___ SUPPLIED INFORMATION ___

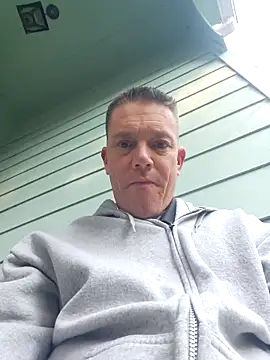 Bigtater1999 online show from November 1, 9:19 pm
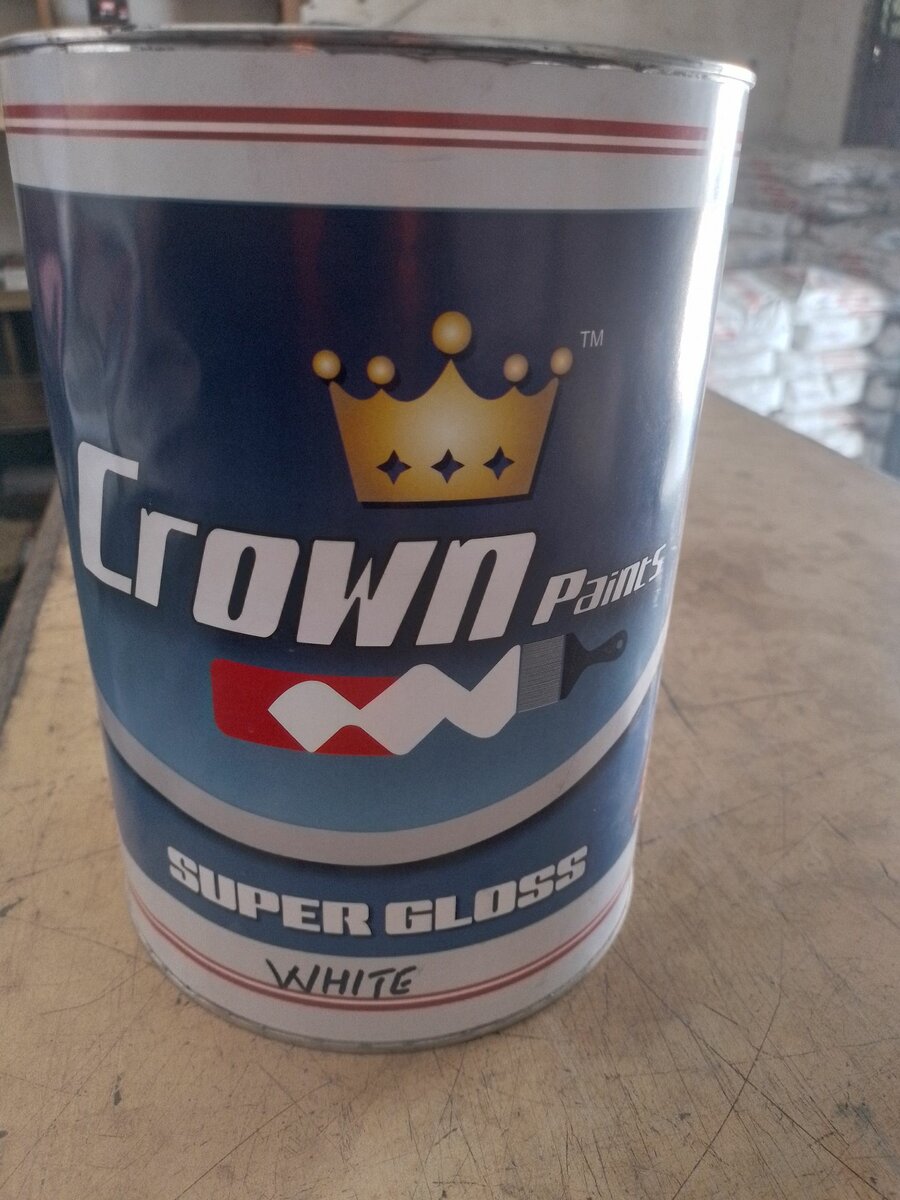 Gloss paint (oil paint)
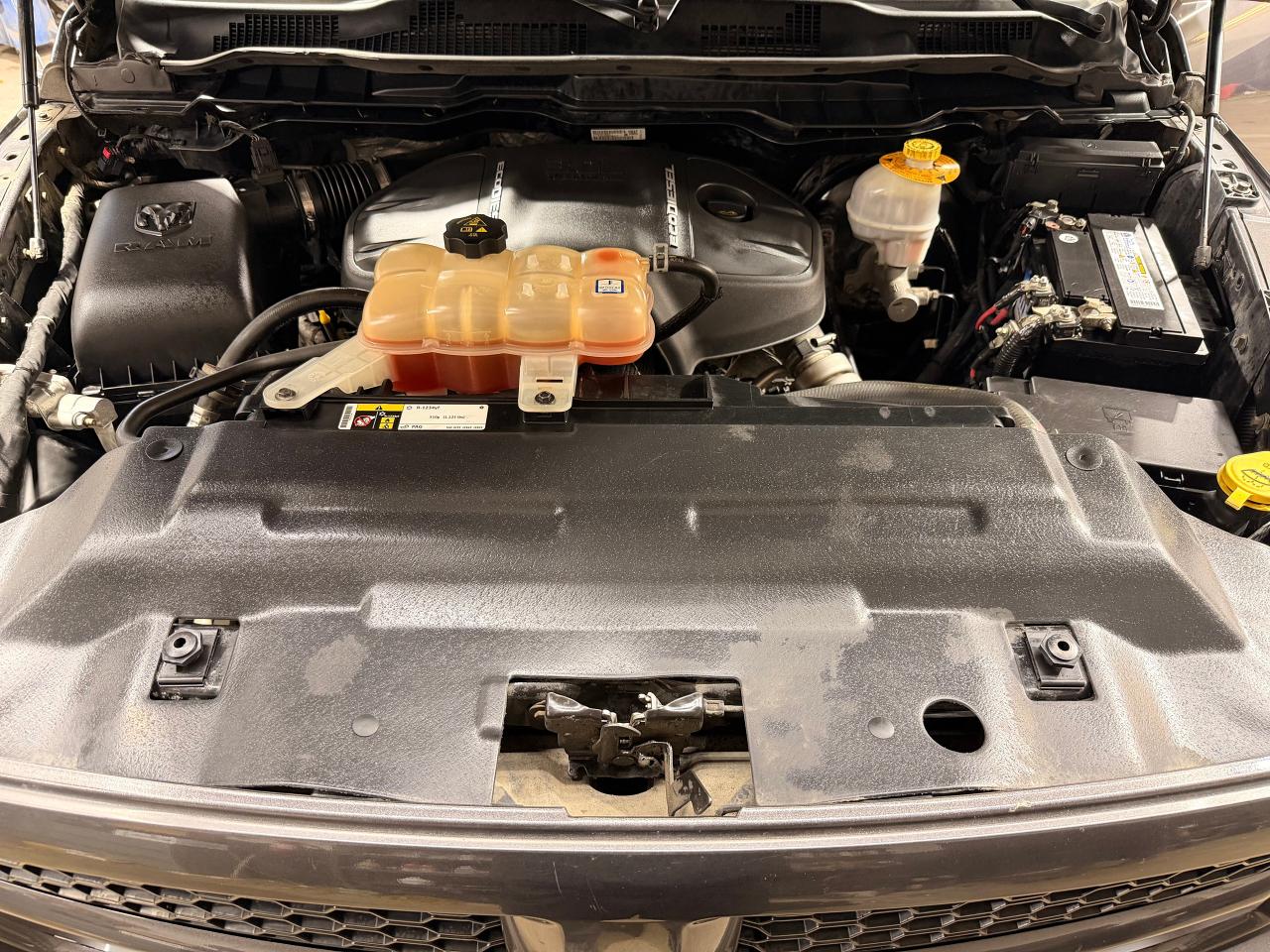 2016 RAM 1500 Outdoorsman Diesel 4x4+Camera+CLEAN CARFAX Photo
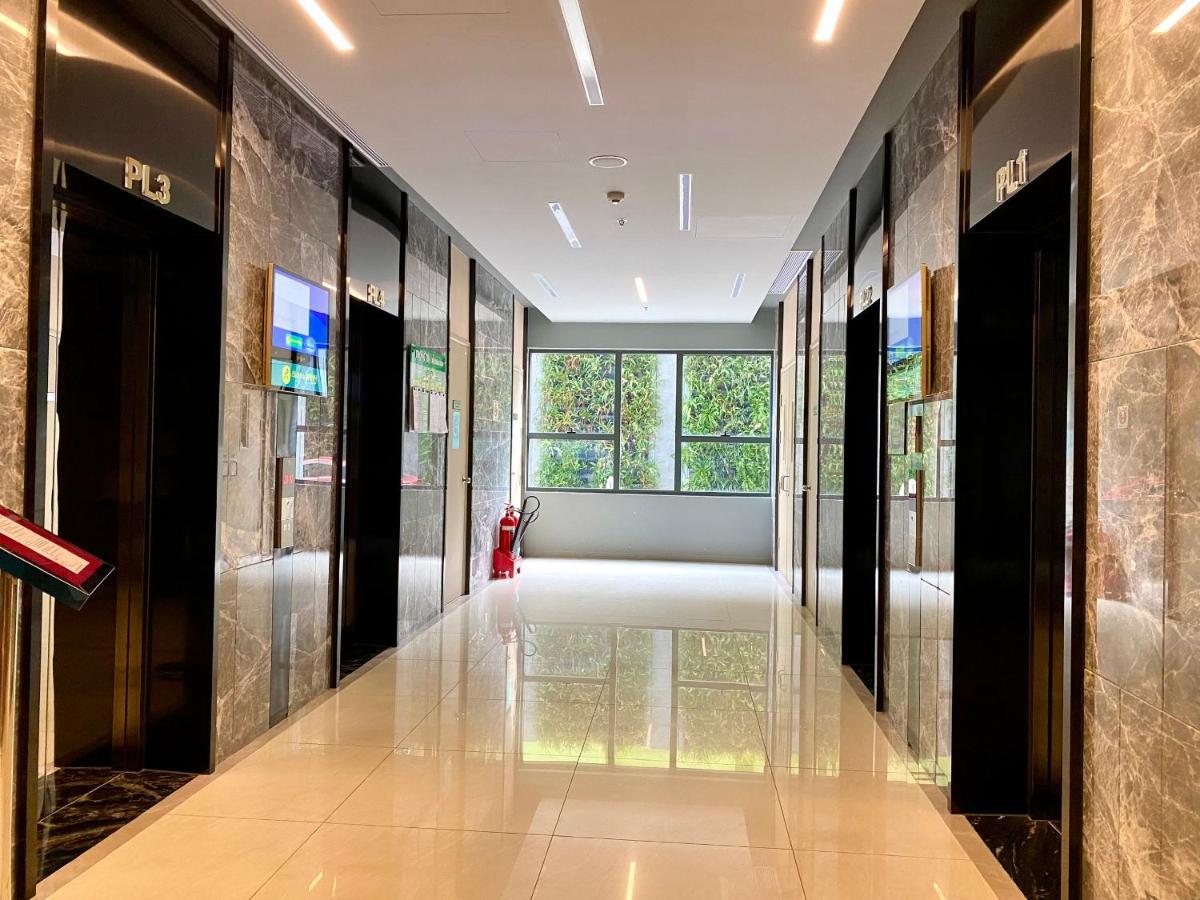 Tun 2brs In Dist 1 Downtown Location
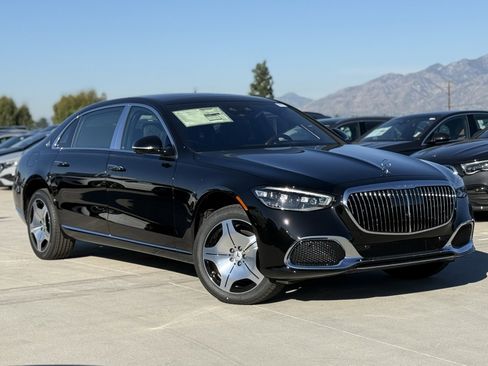 New 2026 Mercedes-Benz Maybach S 580 4MATIC image 2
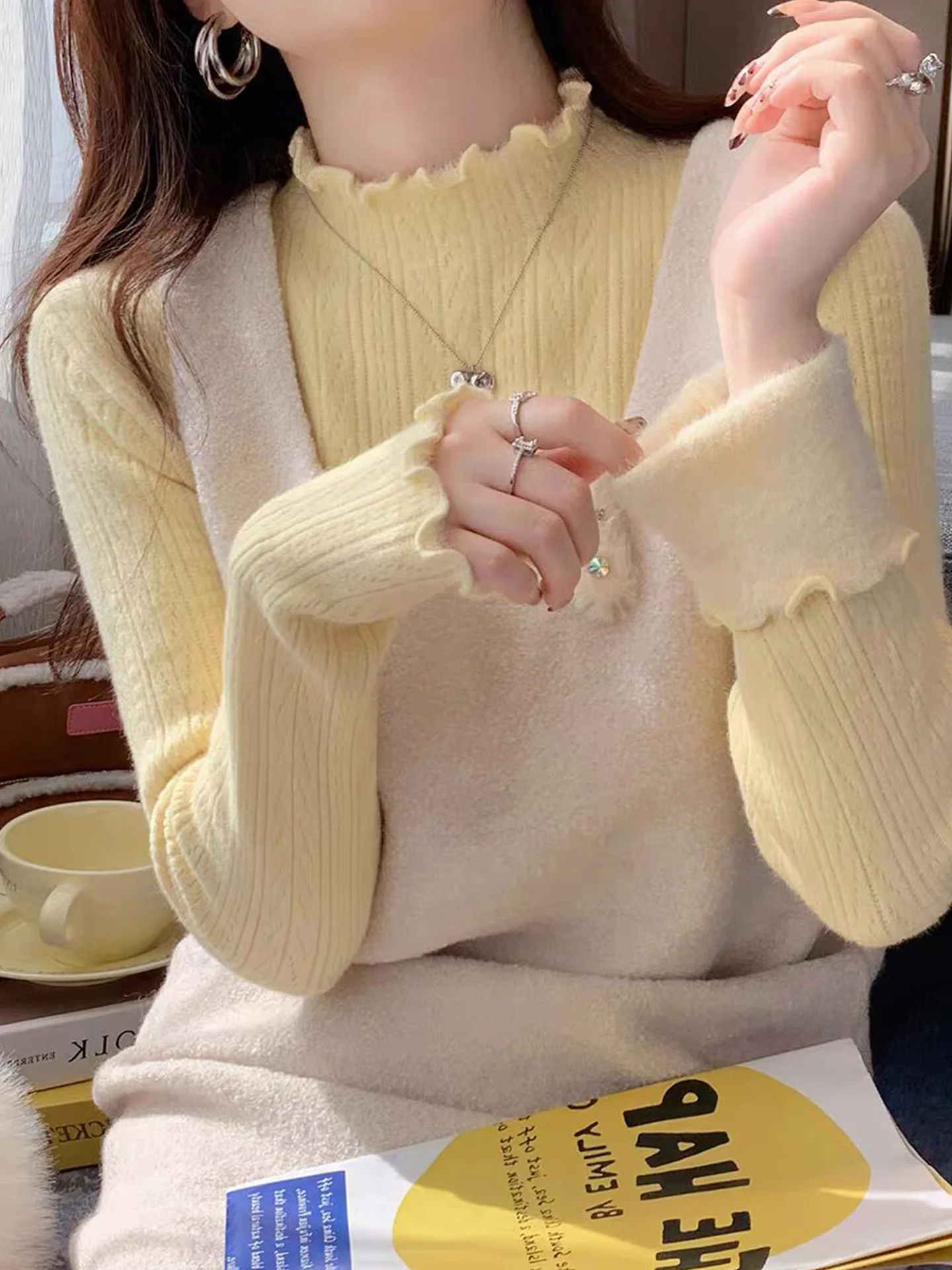 Сладкий однотонный вязаный топ, кружевной утягивающий базовый слой, зимний свитер, корейский длинный светящийся цвет
Сладкий однотонный вязаный топ, кружевной утягивающий базовый слой, зимний свитер, корейский длинный светящийся цвет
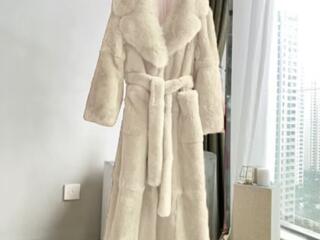 Продам новую современную шубу модель 2025 года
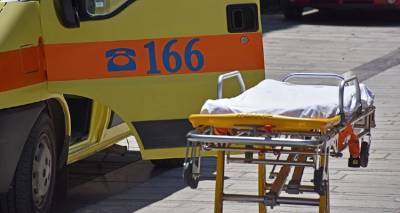 &Sigma;έ&rho;&rho;&epsilon;&sigmaf;: &Pi;έ&theta;&alpha;&nu;&epsilon; &sigma;&tau;&omicron;&nu; ύ&pi;&nu;&omicron; &tau;&omicron;&upsilon; 13&chi;&rho;&omicron;&nu;&omicron;&sigmaf; &sigma;&tau;&eta;&nu; &Alpha;&mu;&phi;ί&pi;&omicron;&lambda;&eta;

___

WHAT THE TASK ASKS:
Return exactly the lines from the one with "Продам новую современную" through the last line of the entries above, both ends included. No pictures may appear in the copy.

RESULT OF THE EXERCISE:
 Продам новую современную шубу модель 2025 года
 &Sigma;έ&rho;&rho;&epsilon;&sigmaf;: &Pi;έ&theta;&alpha;&nu;&epsilon; &sigma;&tau;&omicron;&nu; ύ&pi;&nu;&omicron; &tau;&omicron;&upsilon; 13&chi;&rho;&omicron;&nu;&omicron;&sigmaf; &sigma;&tau;&eta;&nu; &Alpha;&mu;&phi;ί&pi;&omicron;&lambda;&eta;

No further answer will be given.